Have you looked at the financial requirements you have to fulfill?

All your plans are 'moot' if you cannot afford to sponsor her.


----------



## SWDoctor (May 3, 2015)

Yes I have. I can meet the requirements. Does she also have to meet the requirements or not?


----------



## secretlobster (Mar 2, 2015)

She doesn't need to come to the UK to visit, you just need to prove that you've met and have a substantial relationship. I would highly recommend getting married in the US instead of the UK, it's FAR easier and less expensive. My husband and I married in my town of residence in Connecticut and it was almost too easy - I picked him up from the airport, we drove to the town clerk's office, had a licence in 10 minutes, went to the justice of the peace we'd made an appointment with beforehand, and we were married. It just doesn't make sense to get married in the UK unless you really have a compelling reason; the 28-70 day waiting period and visa fees made that decision easy for us.


----------



## SWDoctor (May 3, 2015)

We will be marrying in the US. I'll be meeting her around September this year and going back to marry in June time next year


----------



## Crawford (Jan 23, 2011)

SWDoctor said:


> Yes I have. I can meet the requirements. Does she also have to meet the requirements or not?


Read the document ......


----------



## SWDoctor (May 3, 2015)

Crawford said:


> Read the document ......


It says: 
• You must have enough money to support yourselves (and any dependents) without claiming public funds.
• Your sponsoring partner must earn more than £18,600 per year or have enough savings to be able to sponsor you. The minimum financial requirement is higher if they are also sponsoring dependant children.

She is currently looking for a job and has a couple of interviews lined up. I also am working and do earn that requirement. I'm sure that covers that side of the Visa, correct?


----------



## nyclon (Apr 3, 2011)

If she is not living in the UK on a visa which allows her to work then the financial requirement falls to you.


----------



## SWDoctor (May 3, 2015)

nyclon said:


> If she is not living in the UK on a visa which allows her to work then the financial requirement falls to you.


So it would just be me that would need to earn £18,600 to meet the requirements. Okay, thank you. I apologise for the amount of questions too, not exactly done this before.


----------



## Poco (May 6, 2015)

SWdoctor 

1st, there is no need to apologise, this is what the forum is for. To make things clear. And you have people like Joppa, Nyclon, Crawford and many others who know what they are talking about and share their opinions. 

Just a quick note, someone suggested that ur partner should visit before moving lock stock and barrel. I completely agree!! I am in the applicant's seat. My fiance is from the UK. We met while he was on cricket tour a couple years back and have been dating over the "cyberspace" for almost a year. We were meant to marry in 2017, but its been difficult.
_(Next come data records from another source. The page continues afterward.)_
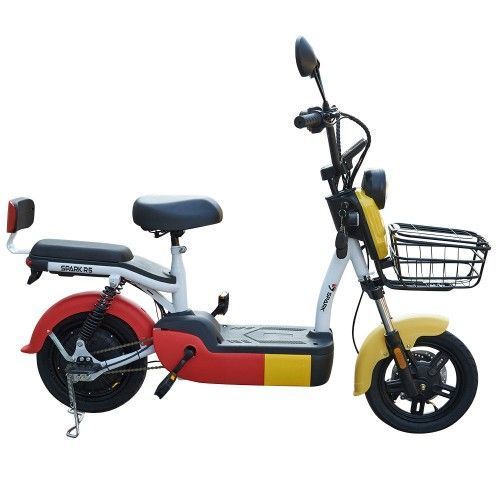 Електроскутер SPARK Електровелосипед R5 14" 48V/350W/13Ah 203661 фото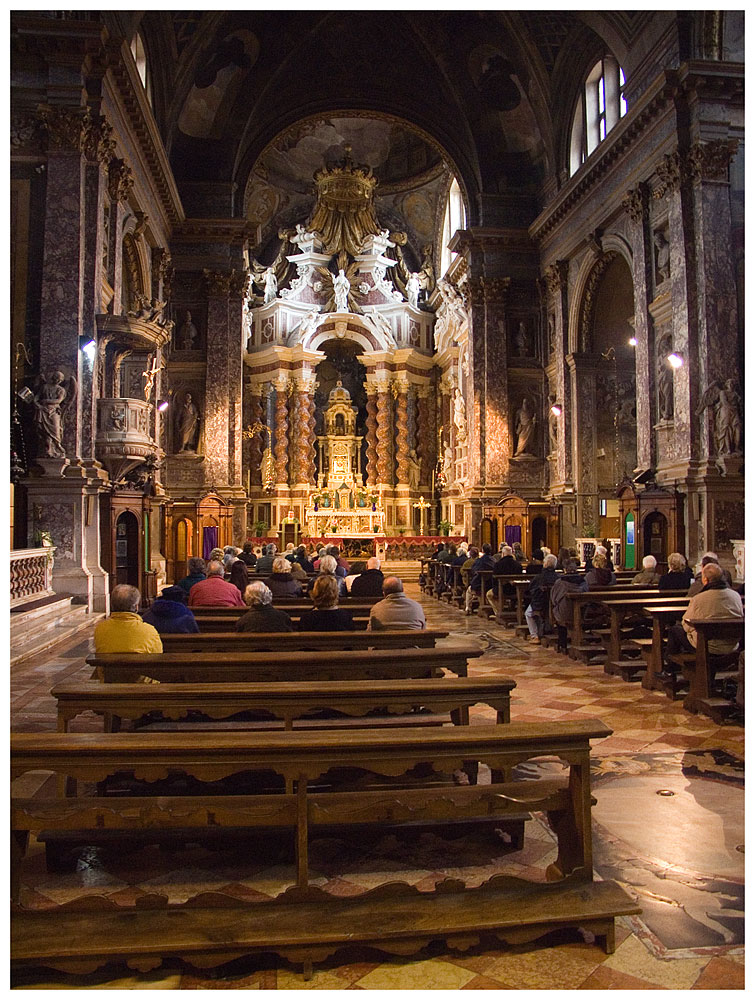 Santa Maria Di Nazareth #2#. Messa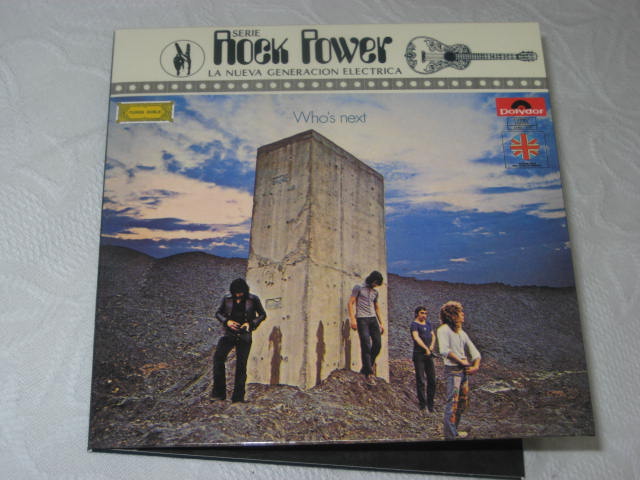 THE WHO / WHO'S NEXT (DELUXE EDITION) (紙ジャケ) : 無駄遣い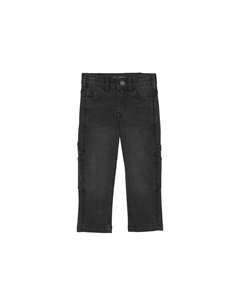 Джинсы с 5 карманами «из смесового хлопка», черный Marc o'polo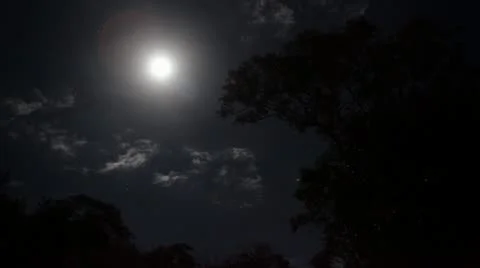 Full Moon timelapse 動画素材 11148220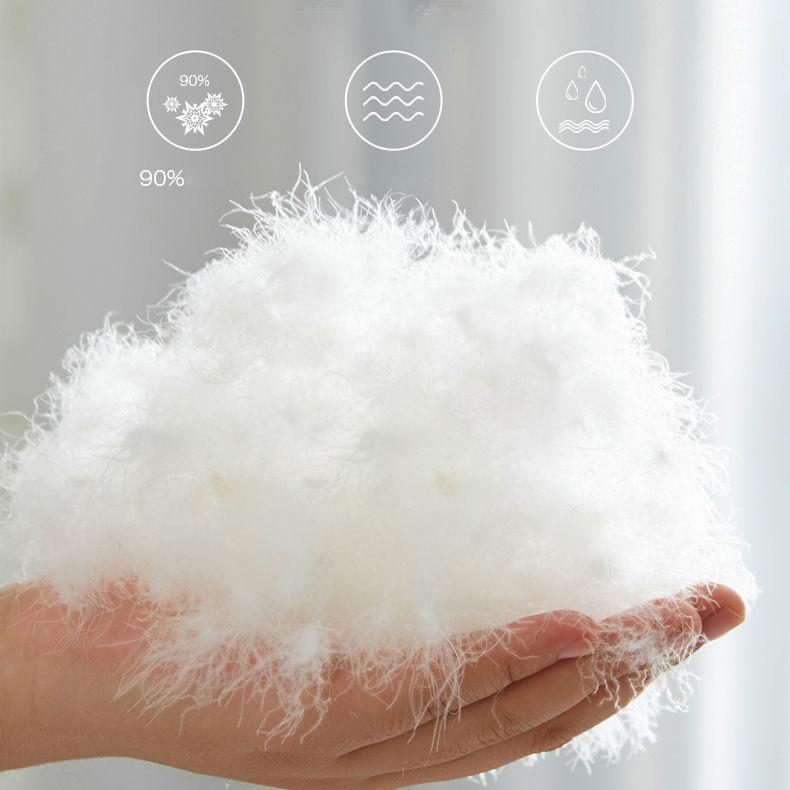 Winter Men's White Duck Down Jacket Korean Version Loose Thickening Trend Tooling Short Hooded Large Fur Collar Large Size Jacket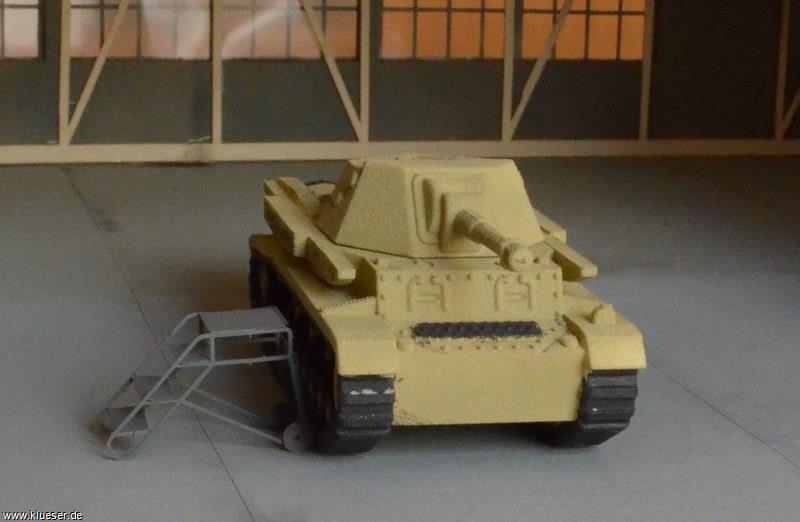 Sd.Kfz.165/1 Heuschrecke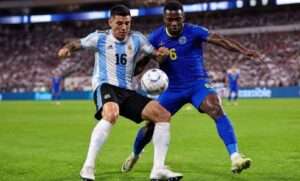 Argentina vs Cabo Verde Vibrante duelo por 16avo de Final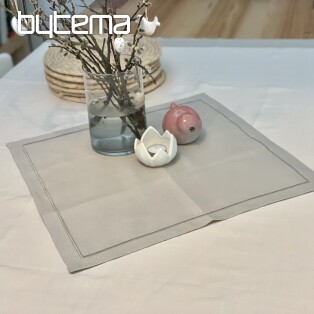 Linen tablecloth - set 130x150 50x50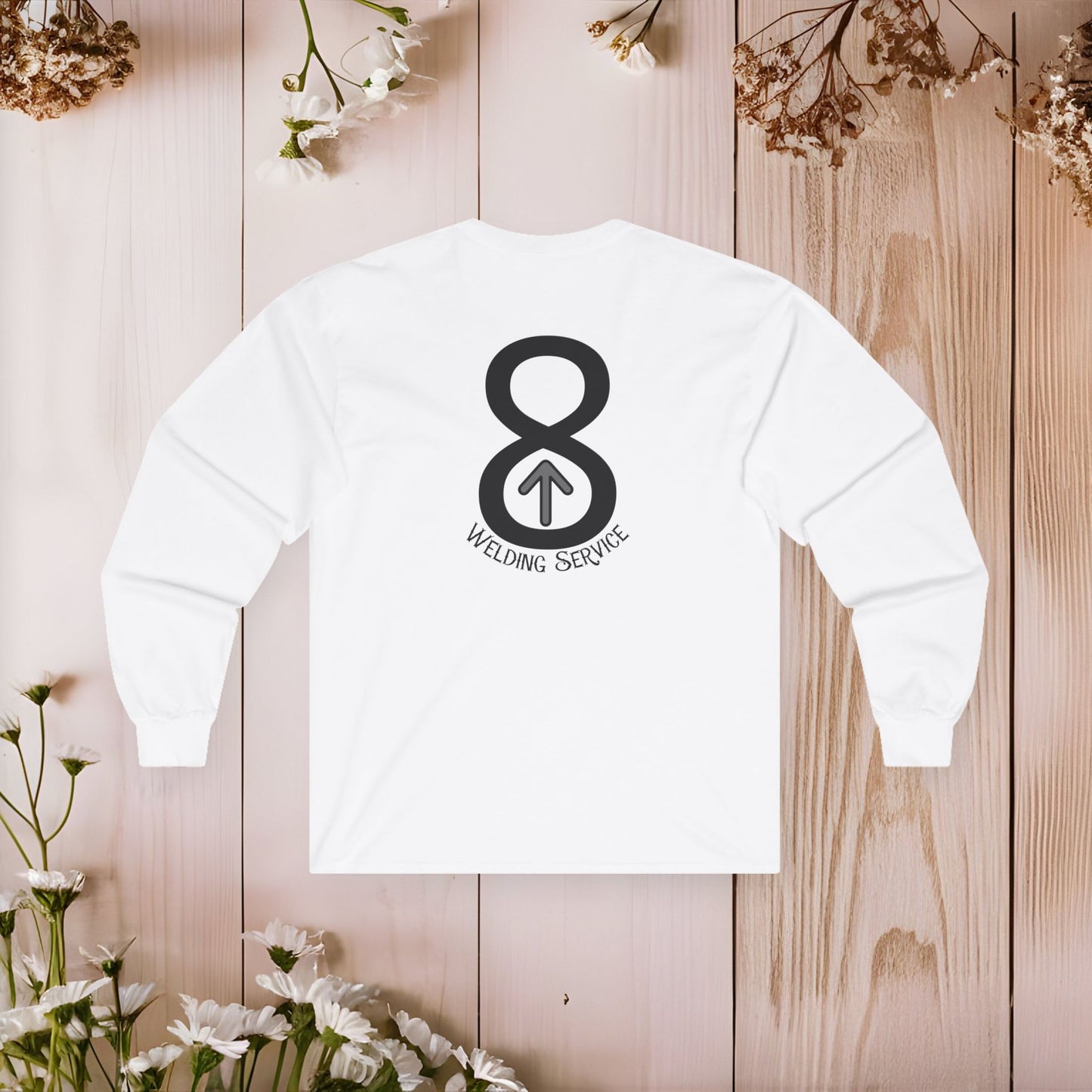 8 Up Welding Service Unisex Ultra Cotton Long Sleeve Tee
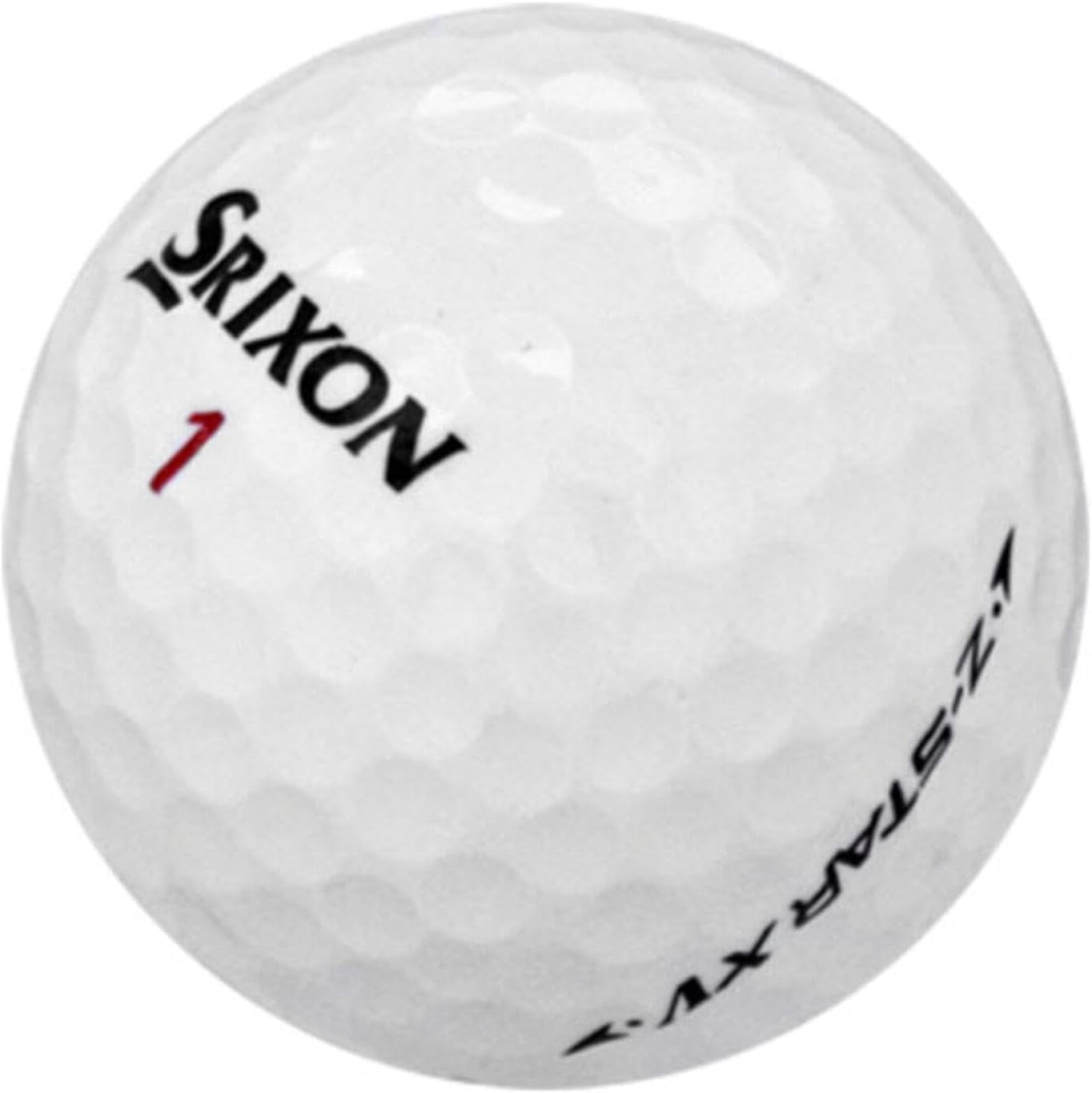 Pre-Owned Srixon Z-Star XV Golf Balls, Near Mint / AAAA Quality, 100 Count, by Reload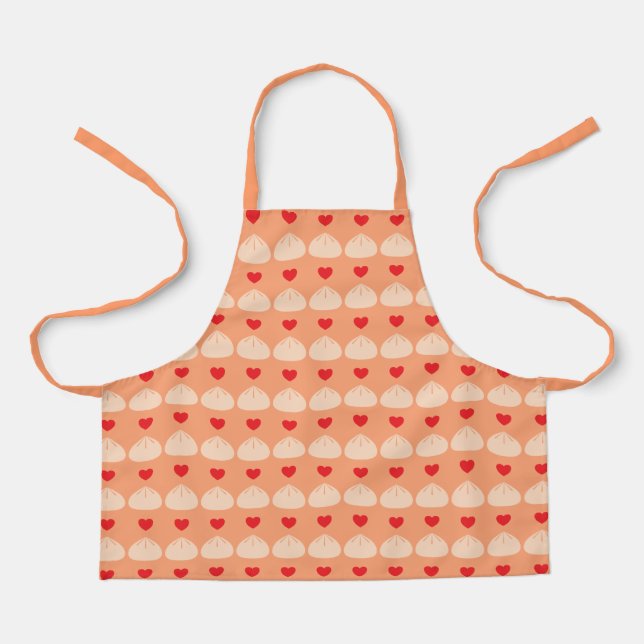 Delantal Amo desmoronador Cantaloupe Apron Pequeño (Anverso)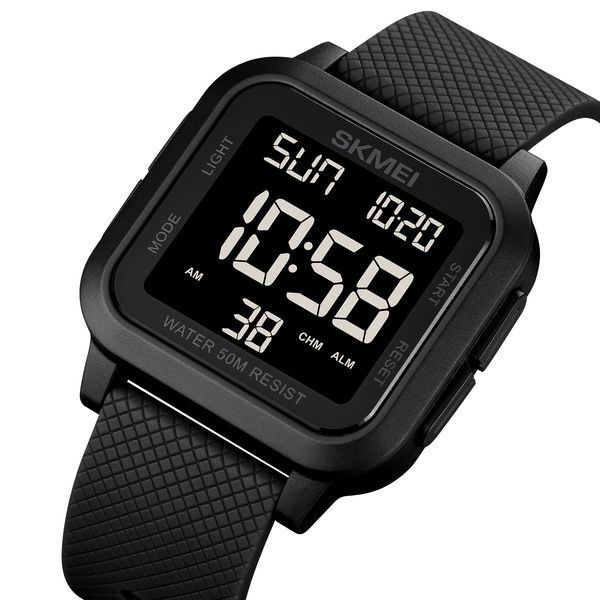 Часы наручные Skmei 1894BKBK All Black 1080-0801 фото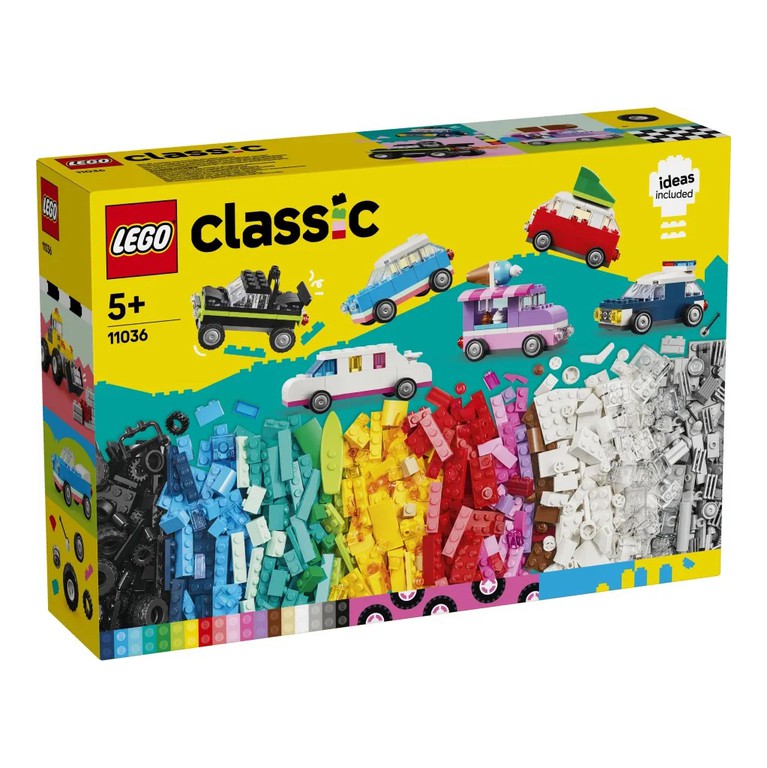 LEGO Classic 11036 Creative Vehicles
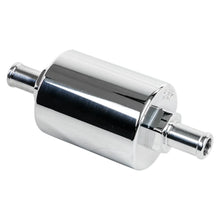 Load image into Gallery viewer, Billet Specialties In Line Fuel Filter 3/8 in Barbed Polished
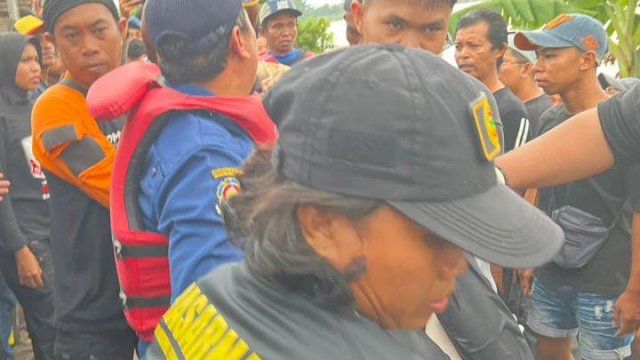 Wanita yang Terjatuh di Sungai Jeneberang Ditemukan Tewas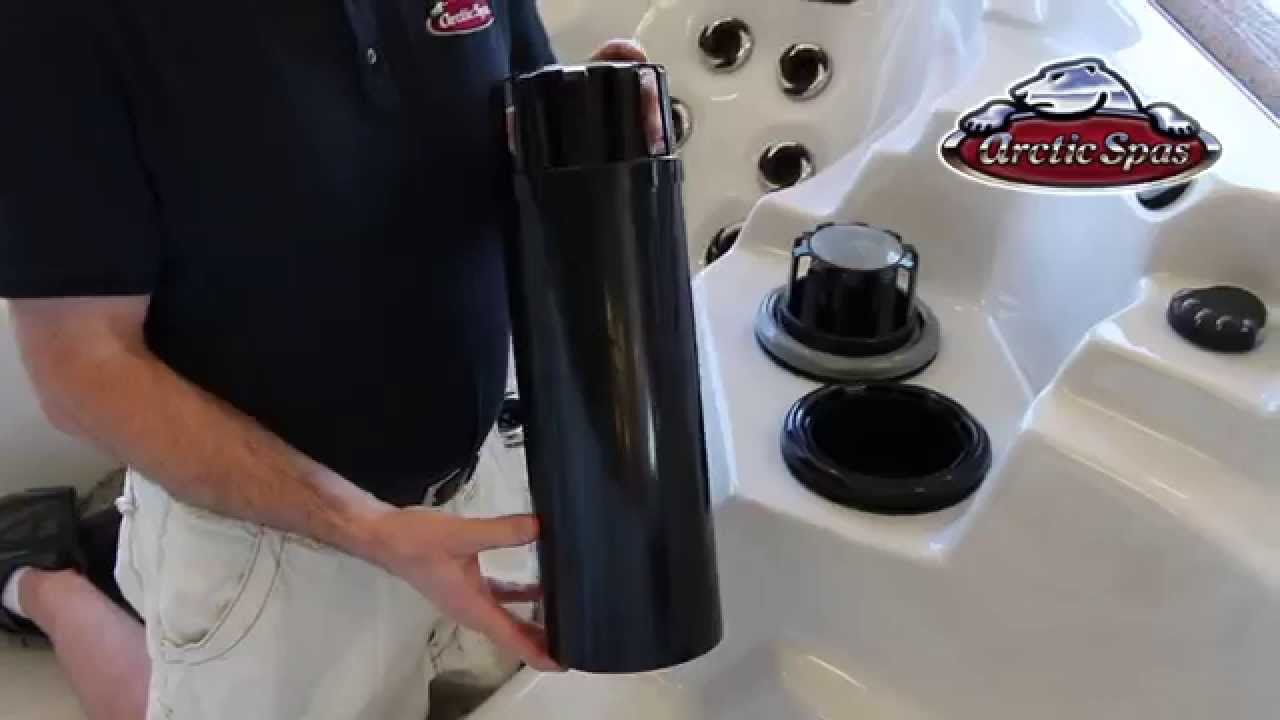 How to Install the Arctic Spa Skimmer Conversion Kit | Arctic Spas Tutorial Video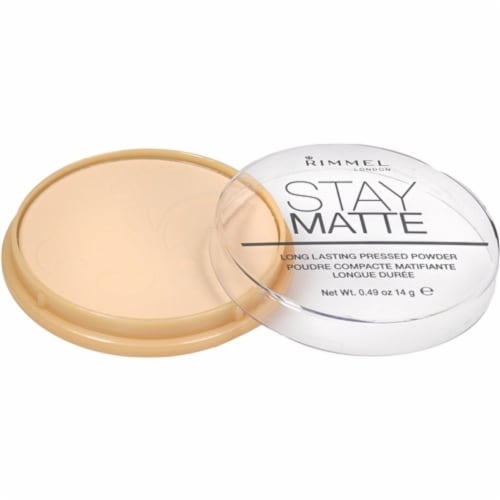 Rimmel Stay Matte Pressed Powder Perspective: bottom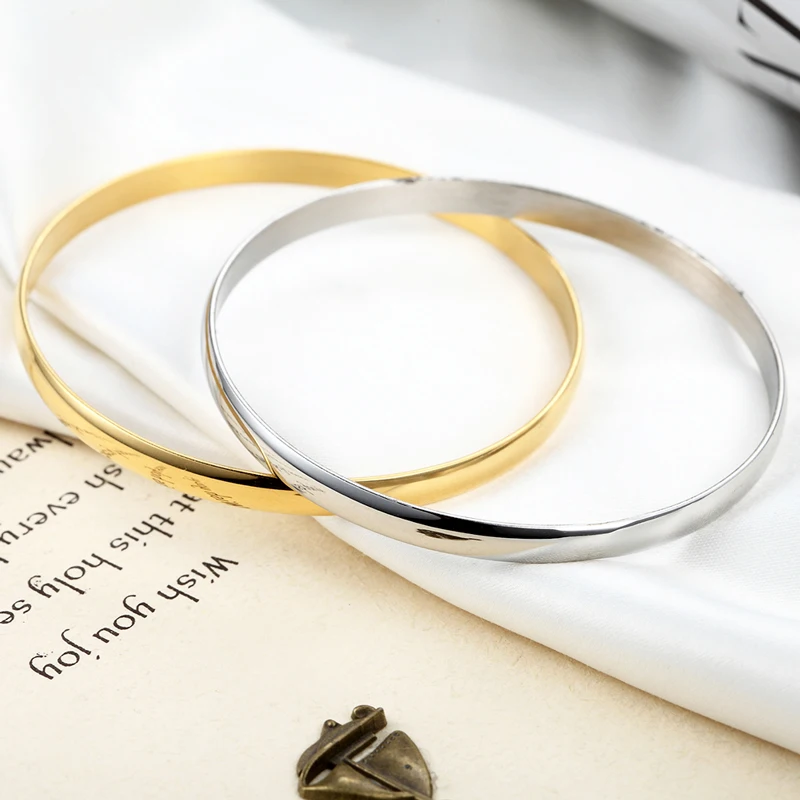 Wholesale Fashion Jewelry Stainless Steel 3 Color Bracelet Love Brand Lover Bracelet For Women Gift
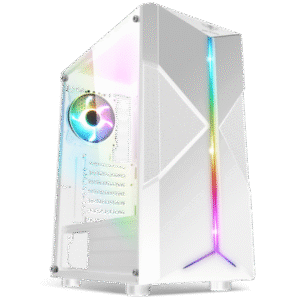 Spirit OF Gamer CLONE 3 ARTIC RGB / ATX  - BLANC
I am in finance here and i've been successful in what i do. but it begs the question of whether it's worth building your career here (South Africa) or rather taking your experience over to the UK and building a future there. (As i intend to move in 2 years anyway.) 

Suffice to say, we have decided to bring the move forward to August 2015 on a marriage visa and then when i return to SA i will apply for a spouse visa. We are doing this so I can spend a few months settling in the UK and getting a feel for things before I jump into work and the big move.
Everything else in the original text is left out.